La campagna minacciosa ha tentato di implementare un nuovo malware chiamato Industroyer2, in grado di danneggiare o interrompere gli ICS (Industrial Control Systems) della vittima. L'operazione era mirata a una sottostazione elettrica ad alta tensione e, secondo quanto riferito, non è riuscita a raggiungere i suoi nefasti obiettivi. Il Computer Emergency Response Team (CERT-UA) ucraino, Microsoft e la società di sicurezza informatica ESET stanno analizzando l'attacco.
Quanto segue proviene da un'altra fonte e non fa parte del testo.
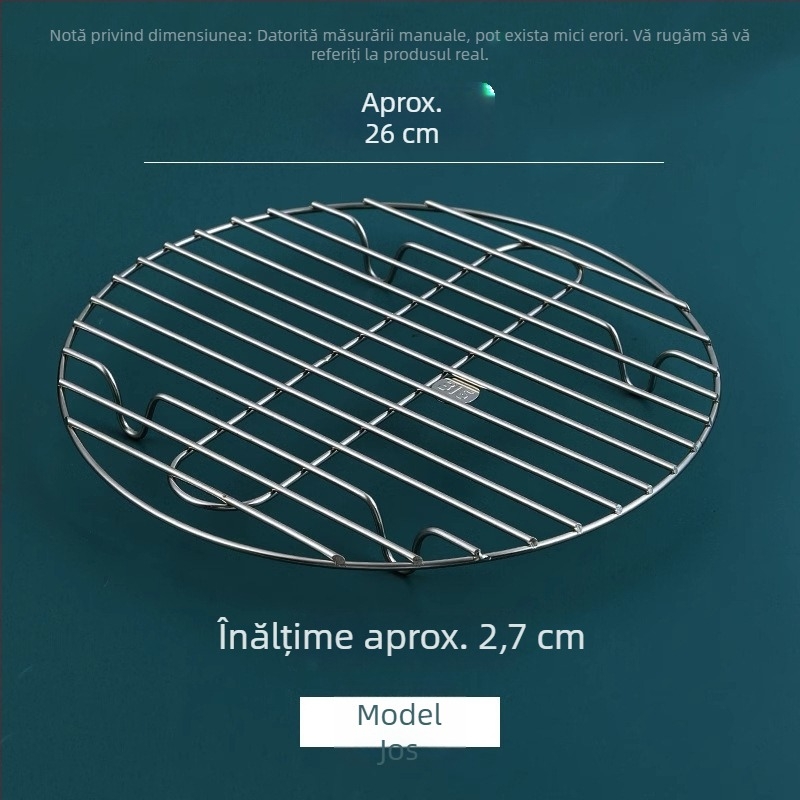 Raft de abur din oțel inoxidabil 316, de calitate alimentară, raft universal pentru abur și ouă, potrivit pentru wok și coș de aburi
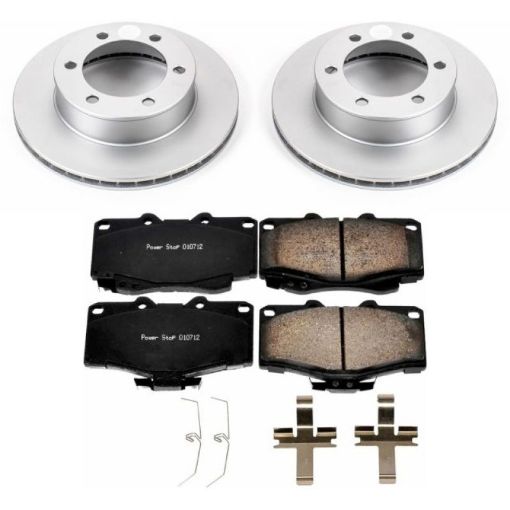 Picture of Power Stop 95 - 02 Toyota 4Runner Front Z17 Evolution Geomet Coated Brake Kit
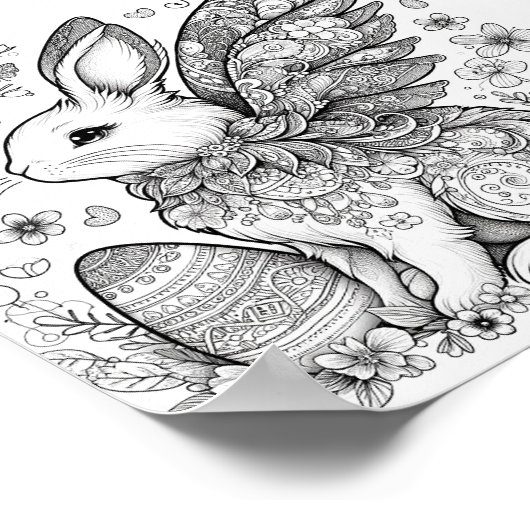 Creative Easter Coloring Pages Printable Poster (Ecke)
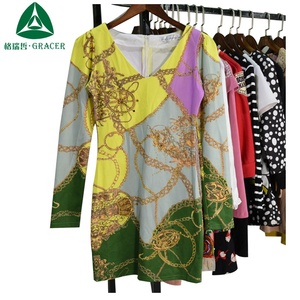 Gebruikte kleding tweedehands High End Winter Mode Jurk china gebruikte kleding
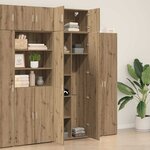 vidaXL Armoire de rangement chêne artisanal 70 x 42 5 x 225 cm
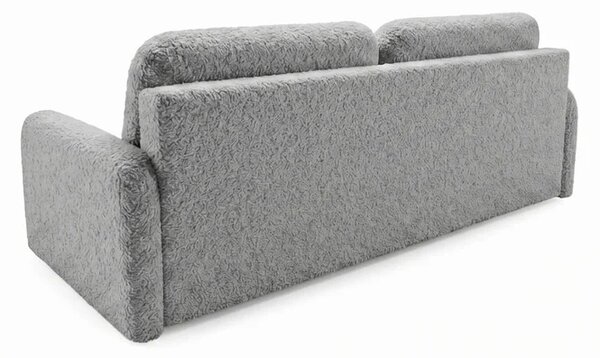 Sofa DUO Rozkładana Dwuosobowa Ciemnoszara Boucle Nowoczesna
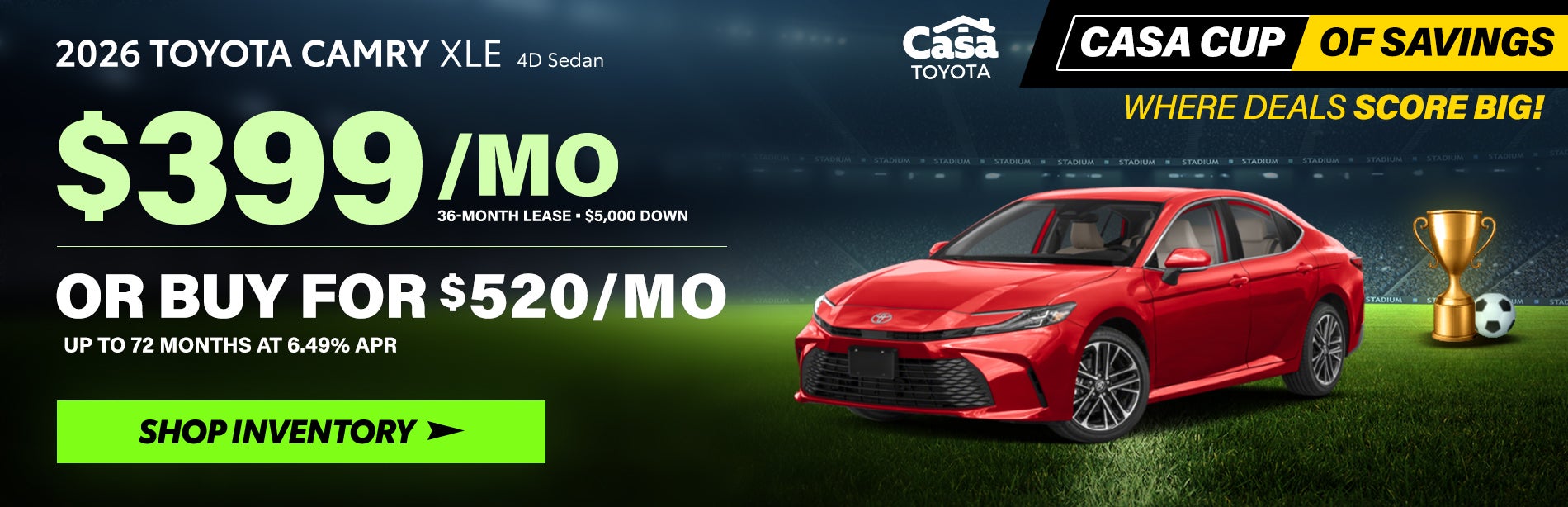 2026 Toyota Camry XLE 4D Sedan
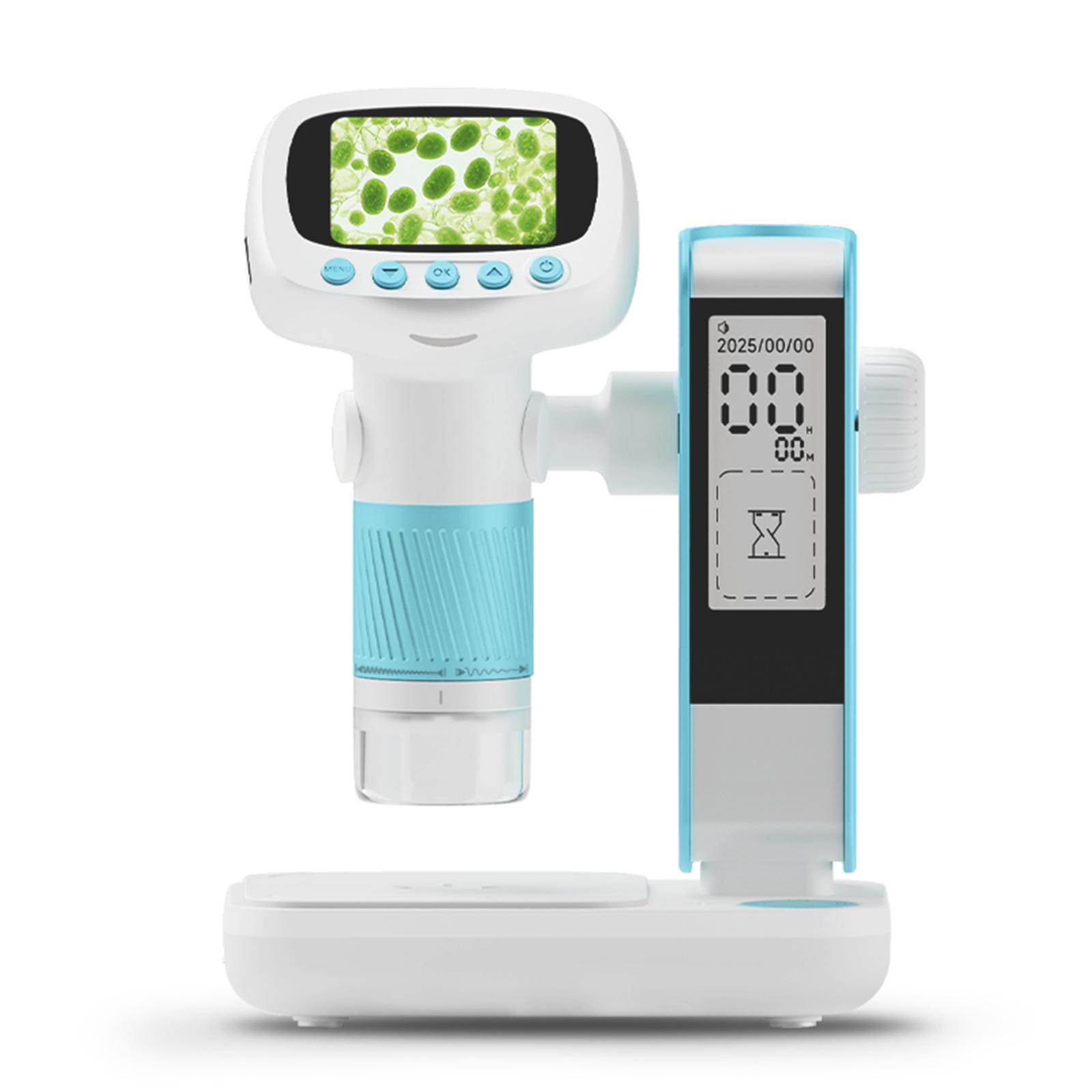 

Digital Magnifier 2 Inch Display 8 LED Light Portable Design For Kids Scientific Observation Lab Experiments Exploration синій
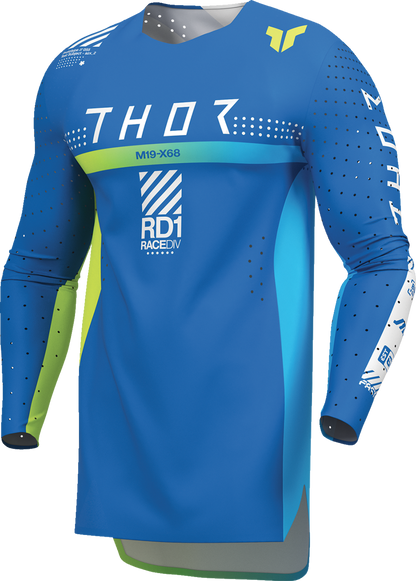 Blue THOR Sportmode Synth Jersey in large size, featuring sleek design and athletic fit, perfect for sports and active wear.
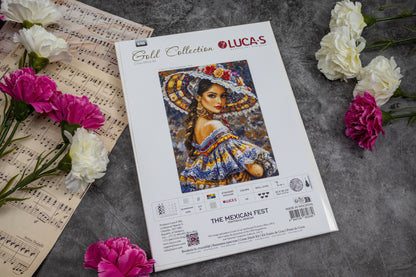 Kit punto croce Luca-S GOLD - La festa messicana, B706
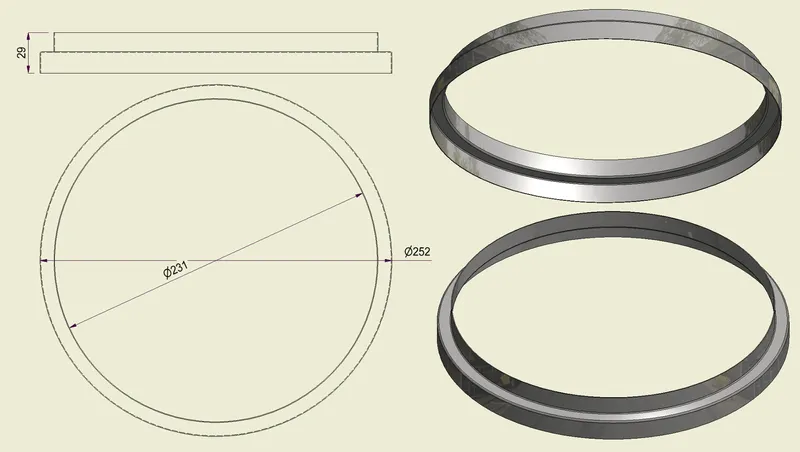 ACHI304230250 - Anello Inox 304 d.230-250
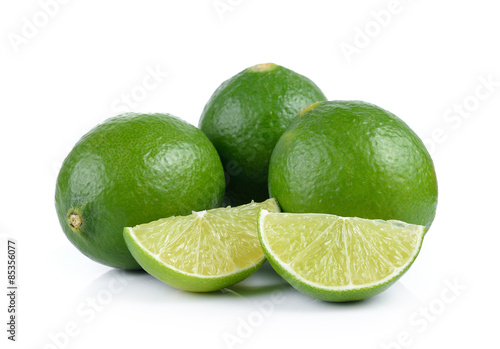 lime on white background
Finora il probabile colpevole è il gruppo di minaccia Sandworm, che si ritiene operi su ordine dell'agenzia di intelligence russa GRU.

Caratteristiche minacciose

La minaccia Industroyer2 sembra essere una versione nuova e migliorata del malware noto come Industroyer ( CRASHOVERRIDE ). Nel dicembre 2016, l'Industroyer originale è stato schierato come parte di un attacco contro una sottostazione elettrica in Ucraina che è riuscita a causare un'interruzione di corrente di breve durata. Ora, la minaccia Industroyer2 viene utilizzata in modo simile. Viene distribuito sui sistemi di destinazione come eseguibile di Windows che doveva essere eseguito l'8 aprile tramite un'attività pianificata.

Per comunicare con le apparecchiature industriali del target, Industroyer2 utilizza il protocollo IEC-104 (IEC 60870-5-104). Ciò significa che può influenzare i relè di protezione nelle sottostazioni elettriche. Al contrario, la vecchia minaccia Industroyer era completamente modulare e poteva distribuire payload per diversi protocolli ICS. Un'altra differenza è stata rilevata nei dati di configurazione. Mentre la minaccia originale utilizzava un file separato per archiviare queste informazioni, Industroyer2 ha i suoi dati di configurazione hardcoded nel suo corpo. Di conseguenza, ogni campione della minaccia deve essere specificamente adattato all'ambiente della vittima prescelta.